According to the 2025 March of Dimes report, which includes data from 2019 through 2023, the maternal mortality rate for white women in the U.S. is 18.6, and the rate of Black women is almost triple that at 53.7.
A lack of pre- and postnatal care in the U.S. is a compounding factor. According to the March of Dimes, “access to quality maternity care is a critical component of maternal health and positive birth outcomes, especially in light of the high rates of maternal mortality and severe maternal morbidity in the U.S.” Yet, 2.3 million women of childbearing age live in maternity care deserts where there is no hospital, birth center, or clinician offering obstetric care.
March of Dimes considers women as having “full access to care” when there are two or more hospitals or birth centers or at least 60 clinicians offering obstetric care in a given county.
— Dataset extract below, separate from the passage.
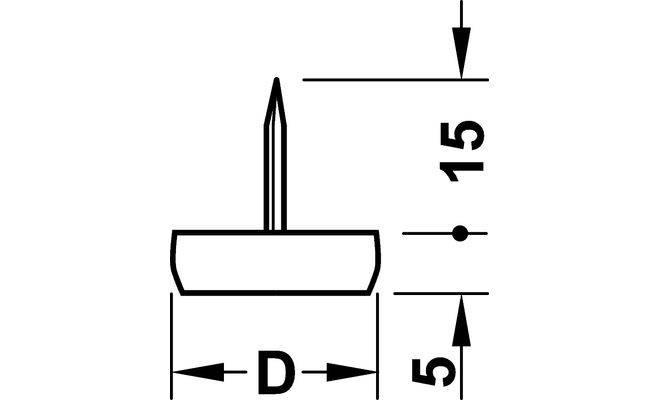 Подпятник опорный Häfele пластиковая 25х15 мм Белый (650.02.250)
In the Fredericksburg area, only Fredericksburg City and Spotsylvania County have full access to care, according to the organization’s most recent report on maternity care deserts.
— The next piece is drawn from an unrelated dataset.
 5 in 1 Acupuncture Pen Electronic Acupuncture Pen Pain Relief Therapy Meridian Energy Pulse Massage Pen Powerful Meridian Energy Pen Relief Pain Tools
King George and Caroline counties are both considered maternity care deserts, and Stafford is considered as having “moderate access to care,” with one or fewer hospitals/birth centers and few obstetric clinicians.
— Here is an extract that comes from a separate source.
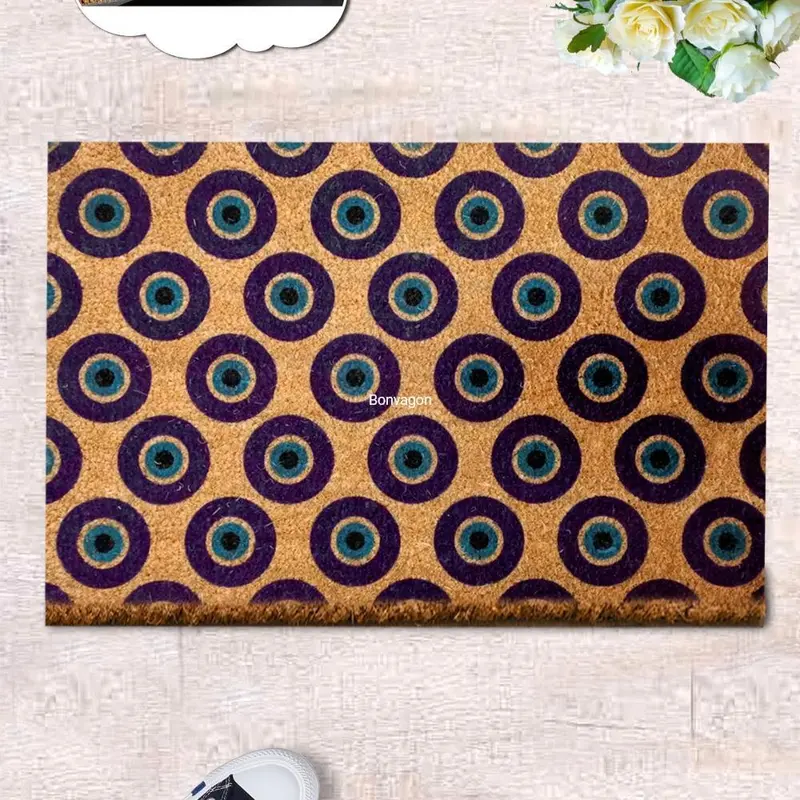 Nazar Boncukları Doğal Koko Hindistan Cevizi Kapı Önü Paspas 60x40cm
Stafford’s rate of obstetric providers per 100,000 women is 42.9 and Spotsylvania’s is 80.5. King George and Caroline are among the 38.3% of Virginia counties with not a single obstetric provider, according to the report.
One way to address the shortage of obstetric care is to train family medicine practitioners in obstetrics, Weed said. Mary Washington Healthcare hosts a family medicine obstetric fellowship program, which is currently training one doctor and will welcome another in July, she said.
Maternal Health Legislation in the General Assembly
Several bills currently making their way through the General Assembly aim to improve maternal health outcomes in Virginia. One is House Bill 1353, which directs the Commissioner of Health to convene a work group to evaluate the feasibility of a statewide maternal health safety initiative. The bill, which unanimously passed the House of Delegates on Wednesday, requires the work group to submit an interim report by November of this year and a final report with recommendations no later than July 1, 2027.
HB 1403, which was reported from committee this week and is now before the full House, would expand the mandate of the state Maternal Mortality Review Team to include instances of “severe maternal morbidity,” defined as “unintended outcomes of the process of labor and delivery that results in significant short-term or long-term consequences to a woman's health,” and to ensure that such instances are analyzed “in a systematic way.”
Senate Bill 721, introduced by Carroll Foy, directs the Department of Health to implement a Maternal Health Monitoring Pilot Program that would provide for remote patient monitoring for maternal hypertension and diabetes. The bill, which was reported from committee on February 5 and is now before the full Senate, would require the Department to submit a report on the pilot program to the Governor and General Assembly 18 months after the first participant is enrolled.
And a budget amendment carried by Sen. Creigh Deeds and Del. Rodney Willett would establish a workgroup to study barriers that prevent licensed midwives from contracting with Medicaid managed care plans.
According to reporting from Cardinal News, Virginia has more than 500 licensed midwives. They can fill gaps in care that occur when obstetric units close, but many of them do not accept Medicaid.
“Many private midwifery practices struggle to contract with managed-care organizations, which administer the state’s Medicaid plans,” Cardinal News reports. “The challenge is particularly steep for practices that offer home or community births and for certified professional midwives, who are not required to hold nursing degrees.”